The Role of GPs in Menopause Management - Dr. Karen Magraith

It is said that nothing is certain but death and taxes. For women, provided they live long enough, another certainty is menopause. Most women have their last menstrual period between the ages of 45 and 55, though there are women with early menopause who have unique needs.

Although menopause is a natural event it is not necessarily easy for women. Women can experience a range of symptoms in the perimenopausal and postmenopausal years. In addition to changes in the menstrual cycle, symptoms include hot flushes, mood changes and anxiety, sleep issues, and genitourinary symptoms. Some women experience few symptoms, but others have severe and debilitating symptoms. Whether symptomatic or not, menopause has important and ongoing consequences for all women, including an increase in risk of cardiovascular disease and osteoporosis. 

In spite of improvements in education and understanding about women’s health, menopause still remains a poor cousin and is the subject of embarrassment and stigma.

How can GPs help perimenopausal and menopausal women?

We hear that GPs are ‘well-placed’ to do all sorts of things, often said by ‘experts’ who exhort GPs to squeeze more and more into our already crowded consultations. The reality is that menopause cannot be addressed adequately in a typical ‘standard’ consultation.

Women presenting to their GP with concerns around the time of menopause need:

  • A comprehensive history including a menstrual history, family and personal history of medical conditions and risk factors. An important part of this is an exploration of the women’s individual needs and concerns. 

  • An exchange of information. What is menopause? What can be expected? Is her experience normal? What health checks should be considered at this time? How can a healthy lifestyle set her up for healthy aging in the years ahead?

  • A discussion about options available for treatment if she has symptoms. The most effective treatment for relief of symptoms is menopausal hormone therapy (MHT) and should be offered to symptomatic women who do not have contraindications. Other, non-hormonal options can also be offered, and can be helpful for women who can’t or don’t want to use hormones.

  • A discussion about the benefits and risks of MHT. This can be a challenging conversation and needs to be tailored to the woman’s personal circumstances and concerns. A decision to prescribe MHT needs to be a shared decision-making process.

  • The offer of further discussion and follow up, as with any other health issue.

For many GPs the management of menopause is challenging and sometimes feels too hard. GPs are pressed for time, and time is what is needed. GPs are concerned about the potential risks. In particular there is controversy, confusion and misunderstanding about the risk of breast cancer associated with MHT, both in the general community and amongst GPs. This leads many women (and their GPs) to dismiss MHT as an option. Some GPs even state that they don’t deal with menopause. (Would a GP say that they don’t deal with asthma? Hypertension?). When GPs are not providing menopause management it risks leaving women without the support they need, and they suffer needlessly, or they may turn to inappropriate or unsafe options. 

The Australasian Menopause Society (AMS) aims to provide evidence-based information on all aspects of menopause. As a starting point, the Australasian Menopause Society advises that MHT is safe to use for most women if started in their 50s or for the first 10 years after the onset of menopause.

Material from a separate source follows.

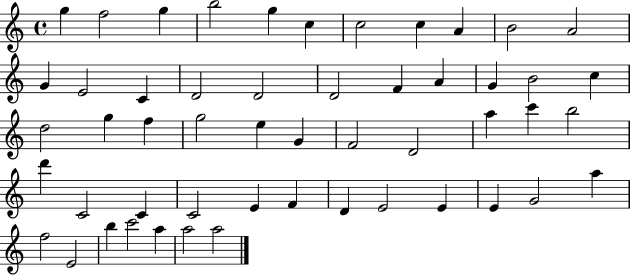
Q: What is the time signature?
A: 4/4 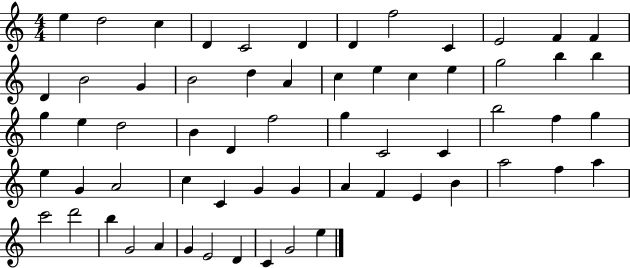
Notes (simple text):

E5/q D5/h C5/q D4/q C4/h D4/q D4/q F5/h C4/q E4/h F4/q F4/q D4/q B4/h G4/q B4/h D5/q A4/q C5/q E5/q C5/q E5/q G5/h B5/q B5/q G5/q E5/q D5/h B4/q D4/q F5/h G5/q C4/h C4/q B5/h F5/q G5/q E5/q G4/q A4/h C5/q C4/q G4/q G4/q A4/q F4/q E4/q B4/q A5/h F5/q A5/q C6/h D6/h B5/q G4/h A4/q G4/q E4/h D4/q C4/q G4/h E5/q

The reality is that GPs are in the perfect position to manage menopause. This does not normally need to be the domain of specialists but can be where GPs come in to their own, balancing and managing multiple aspects of physical and mental health in a holistic fashion. Discussing whether to use MHT is challenging and requires GP to manage a nuanced conversation about risk and uncertainty. But dealing with uncertainty is a core part of GPs’ business and in the right circumstances they can provide excellent care and information to menopausal women. 

How can barriers to more effective and comprehensive GP management of menopausal women be overcome?

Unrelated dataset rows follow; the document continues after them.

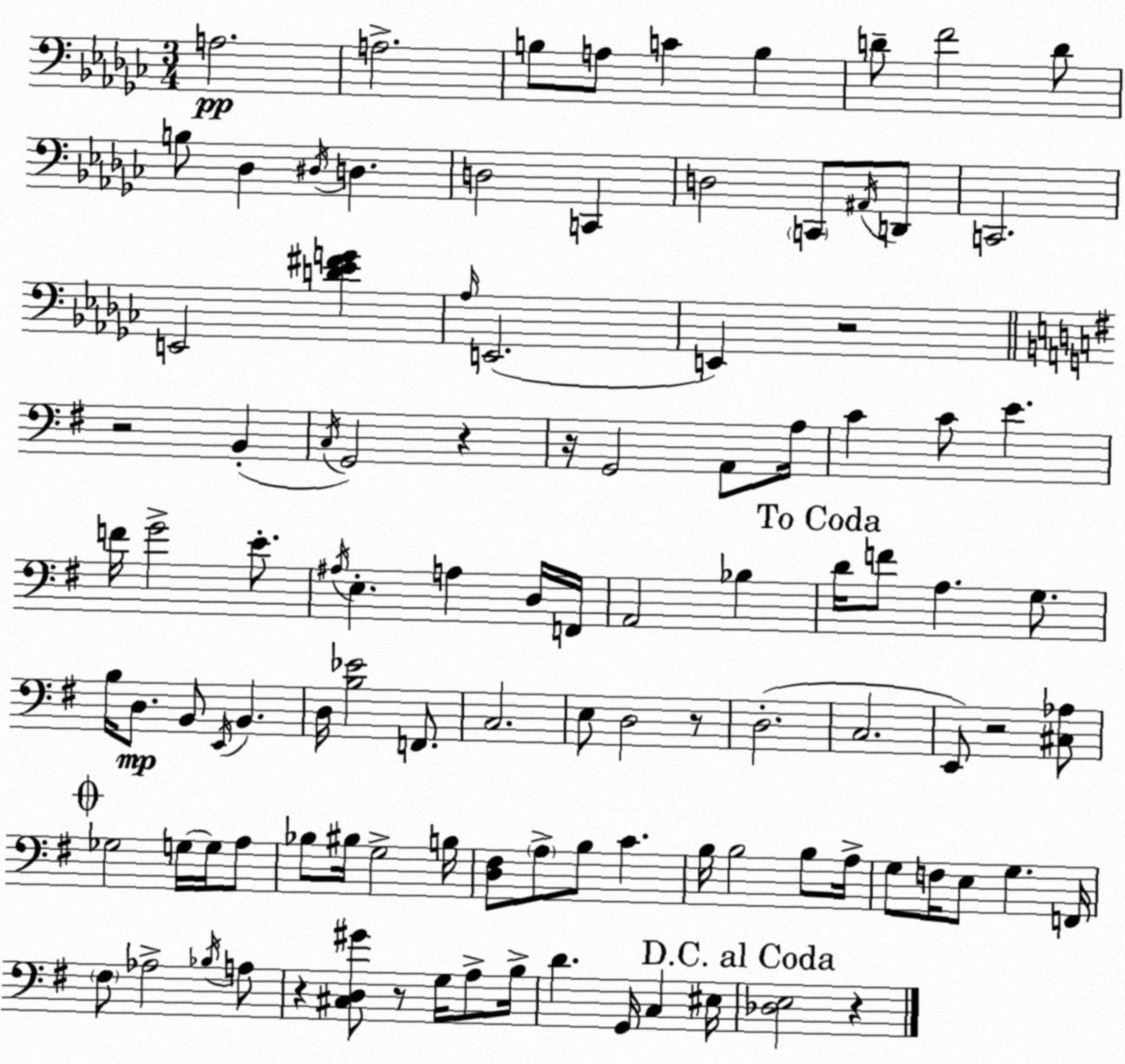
X:1
T:Untitled
M:3/4
L:1/4
K:Ebm
A,2 A,2 B,/2 A,/2 C B, D/2 F2 D/2 B,/2 _D, ^D,/4 D, D,2 C,, D,2 C,,/2 ^A,,/4 D,,/2 C,,2 E,,2 [D_E^FG] _A,/4 E,,2 E,, z2 z2 B,, C,/4 G,,2 z z/4 G,,2 A,,/2 A,/4 C C/2 E F/4 G2 E/2 ^A,/4 E, A, D,/4 F,,/4 A,,2 _B, D/4 F/2 A, G,/2 B,/4 D,/2 B,,/2 E,,/4 B,, D,/4 [B,_E]2 F,,/2 C,2 E,/2 D,2 z/2 D,2 C,2 E,,/2 z2 [^C,_A,]/2 _G,2 G,/4 G,/4 A,/2 _B,/2 ^B,/4 G,2 B,/4 [D,^F,]/2 A,/2 B,/2 C B,/4 B,2 B,/2 A,/4 G,/2 F,/4 E,/2 G, F,,/4 ^F,/2 _A,2 _B,/4 A,/2 z [^C,D,^G]/2 z/2 G,/4 A,/2 B,/4 D G,,/4 C, ^E,/4 [_D,E,]2 z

  • Removal of the structural barriers to long consultations, where funding incentivizes short consultations and penalizes holistic care. GPs should be encouraged to offer several long consultations to these women, funded by appropriate Medicare rebates for patients.

  • Enhanced education of medical students and GPs about menopause. This will help defuse the anxiety that some GPs have, particularly about prescribing MHT. 

  • Education of women. This is particularly needed for women from culturally diverse backgrounds, and those who have poor health literacy or are marginalized, who often have poor access to health services. 

  • Improved PBS listing of MHT products. Currently the one of the MHT options that is widely considered to be associated with lower risk is not PBS listed.

Women with early menopause have complex needs and many of them may benefit from a specialised multidisciplinary approach. Similarly, women with a history of breast cancer and some other conditions may benefit from specialised services. But for the majority of menopausal women, their GP can provide comprehensive care. 

The Australasian Menopause Society and other women’s health organisations aim to promote health practitioner and community education about menopause. More work is needed to clarify and communicate the benefits and risks of MHT and enable GPs to proceed with confidence in these complex but important consultations.